Concept

Ambiguity

Definition

Ambiguity is the linguistic property by which a single expression can be interpreted in two or more distinct ways. Logicians distinguish two main families. Lexical ambiguity arises from a single word with multiple meanings, such as "bank" denoting either a financial institution or the side of a river. Structural (or syntactic) ambiguity arises from the way a sentence is assembled, so that the same string of words supports different parse trees and different propositions — "visiting relatives can be exhausting" can mean either that one finds the act of visiting tiring or that the relatives themselves are tiring.

Because logic operates on the meanings of statements rather than their surface form, any ambiguous statement is, strictly speaking, not yet a candidate for evaluation. It must first be disambiguated.

Why it matters

How it works

Ambiguity becomes dangerous when an argument moves from one sense of a term to another without the audience noticing. A reasoner who sees the slip can ask which meaning was intended at each step and force the speaker to either pick one or concede the equivocation. Disambiguation typically proceeds by substitution: replace the ambiguous term with a longer phrase that fixes the meaning, and the argument either holds or collapses transparently.

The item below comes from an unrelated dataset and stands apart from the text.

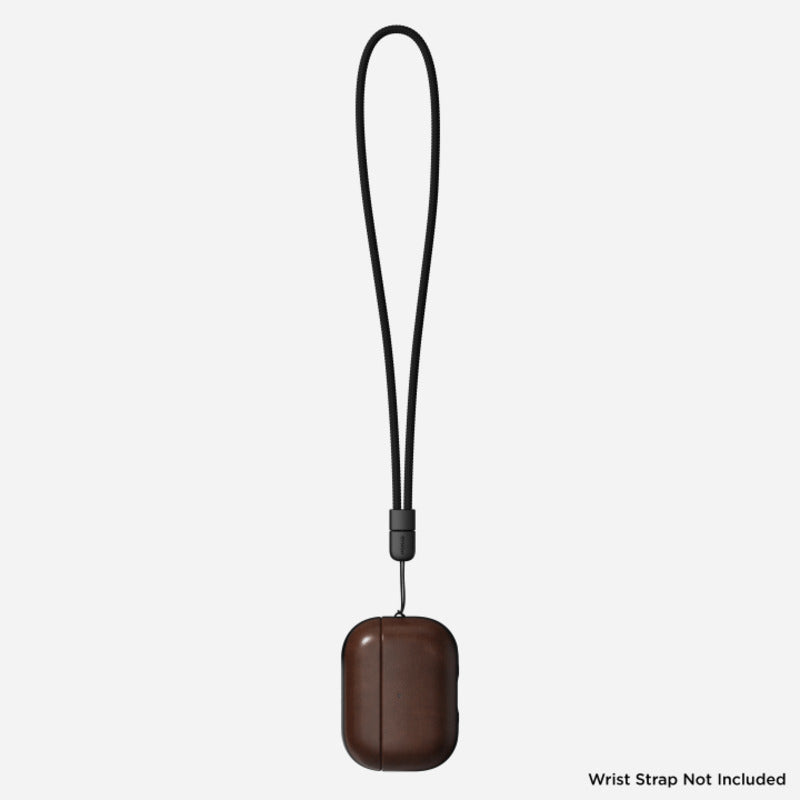 Nomad Modern Leather Case Horween Leather AirPods Pro 2nd Gen - Rustic Brown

Ambiguity is distinct from vagueness, though the two are often conflated. A vague term such as "tall" has a single meaning whose boundary is fuzzy; an ambiguous term such as "light" has multiple discrete meanings (not heavy, not dark, illumination). Vagueness is a problem of degree; ambiguity is a problem of which meaning. Resolving them requires different moves: vagueness wants a threshold or a context, while ambiguity wants a choice.